A real-time, location based app like Waze or Google Maps might’ve helped in this situation.

Australian resident and Redditor /u/OzzyMon1 shared dashcam footage earlier yesterday to the /r/IdiotsInCars subreddit showing a ridiculously long line of cars near Melbourne queue’d on the M8 near an exit unaware one broken down car’s the cause of their wait.

OP’s thread is linked here with the video below and a mirror here just in case.

According to Google Maps, this technically happened in Ravenhall, Victoria on the M8 National Highway near the Christies Road exit headed into Melbourne (exact location on the map linked here.)

As the video shows, there’s a long line of cars on in the breakdown lane.

If you’re confused why cars are in the emergency lane and not on the two lanes of road where they’re supposed to be, according to one Melbourne resident who takes this exit regularly, this is just the way it is.

“I live near there and this is the exact exit I take on a daily basis,/u/JCoutie comments. “It leads to a roundabout which doesn’t flow well, so cars exiting bank up way back, and people then start queuing for the exit in the emergency lane rather than sitting in a lane of traffic.”

Here’s the roundabout in question.

I counted 69 cars waiting, including the broken down one.

Many Redditors in the comments put themselves in the shoes of the drivers waiting and realized that, without someone telling them what’s really going on, they’d do the same thing, just wait.

Real-time user submitted data on an app like Waze definitely would’ve helped out in this situation, as it’d only take one user to accurately report the breakdown to start a chain reaction of people merging back into flowing traffic.

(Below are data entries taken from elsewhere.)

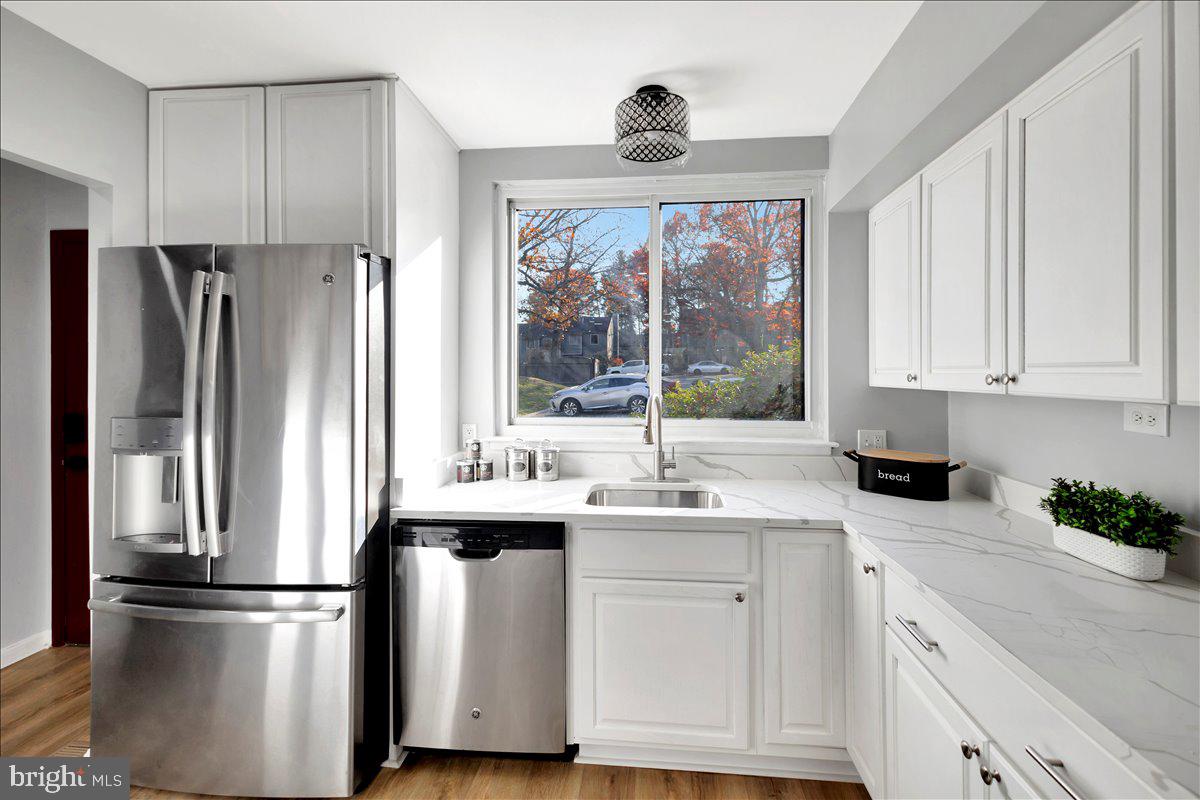 12 Stone Ridge Court Baltimore, MD 21239 - Photo 6 of 38 a kitchen with stainless steel appliances a refrigerator sink and cabinets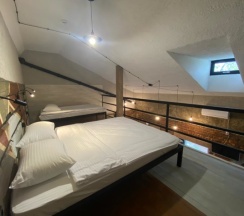 Семейные двухуровневые апартаменты с кухней в Loft Apart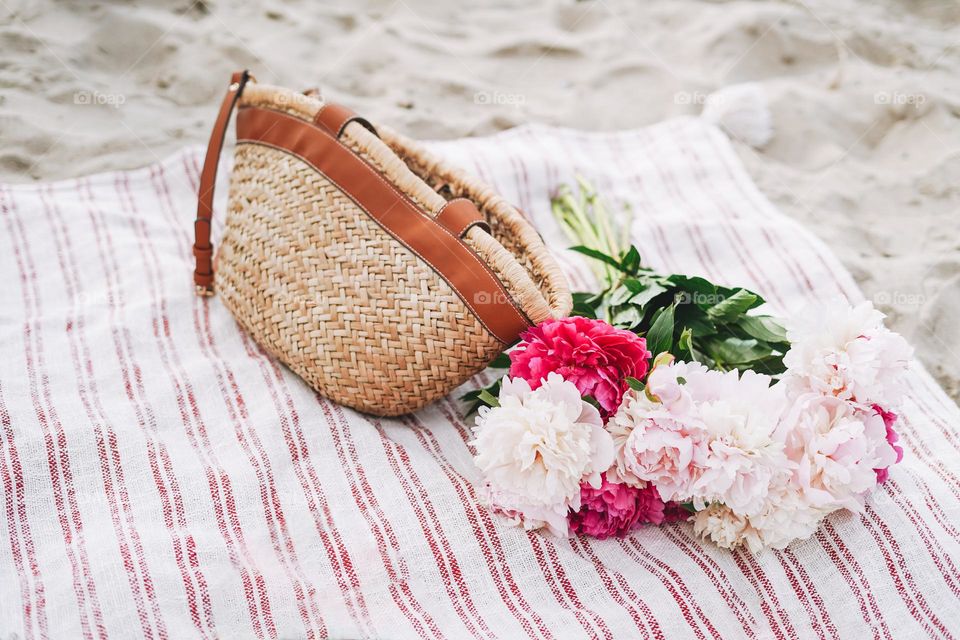 Wicker bag and bouquet of pink and white peonies on blanket on the sand, picnic on the beach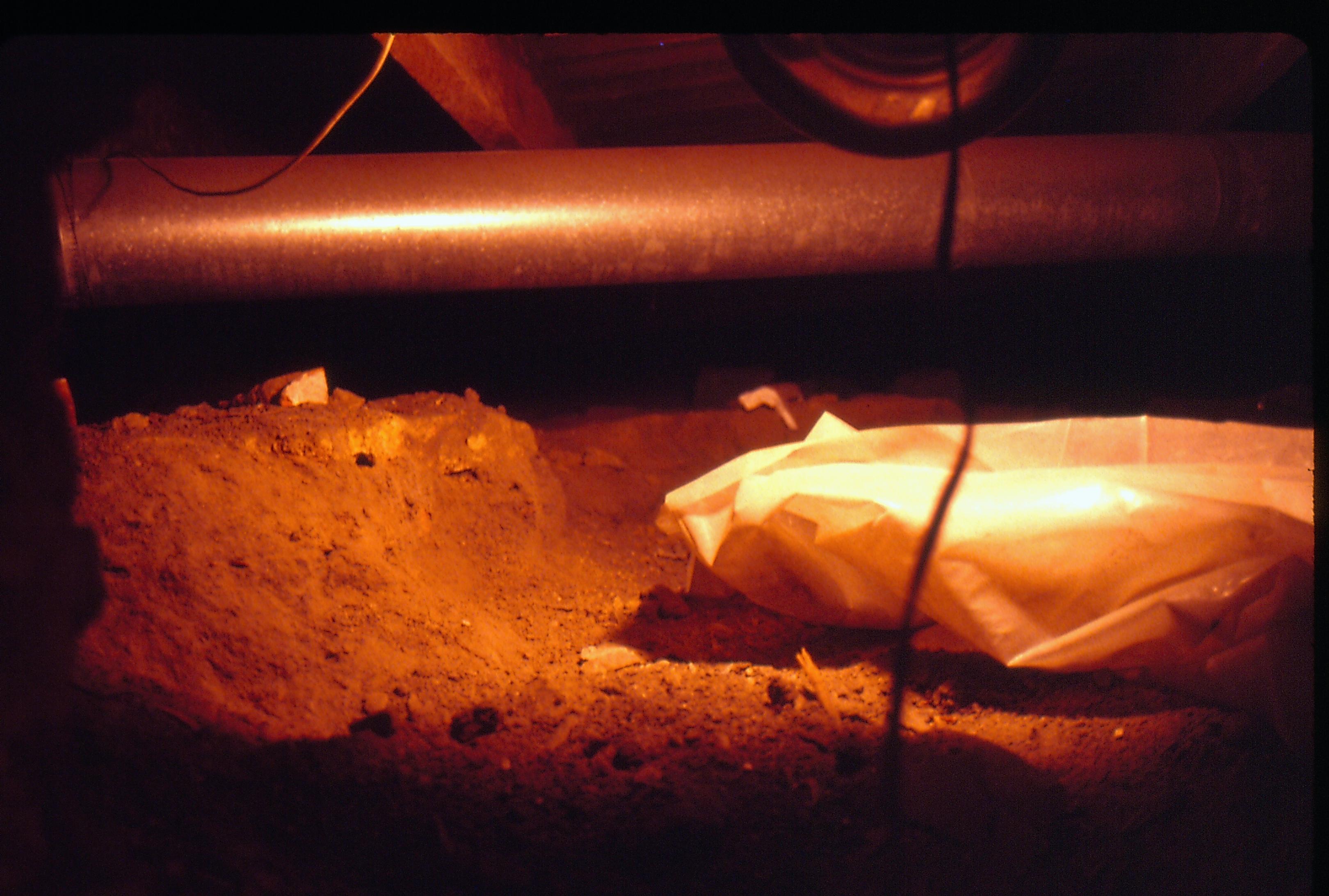 Lyon House - Crawlspace showing opening from rest of basement into crawlspace. Pipes visible near ceiling, wire for safety light hanging down, white plastic bag? within space filled with dirt and sand. Looking East from basement Lyon, Basement, crawlspace, pipes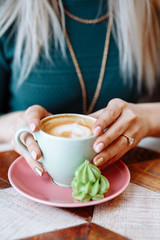 The girl is holding a Cup of cappuccino coffee. Hands close up.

Additionally, location based data collected by Google Maps should’ve shown this accident in real-time, too, displaying the start and stop point of waiting traffic.

If someone opened their Maps app, they should be able to see traffic is stopped not that far from them, and should’ve figured they can technically drive around it.

Or, this might be a good case to apply some sort of AI that’s able to interpret this line as not real traffic in the traditional sense but an anomaly (caused by a broken down car,) sending that data to mobile users as a notification.

Hindsight’s always 20/20, and it’s easy to laugh at the absurdity of their situation, but, would you wait in line like these Melbourne commuters, too?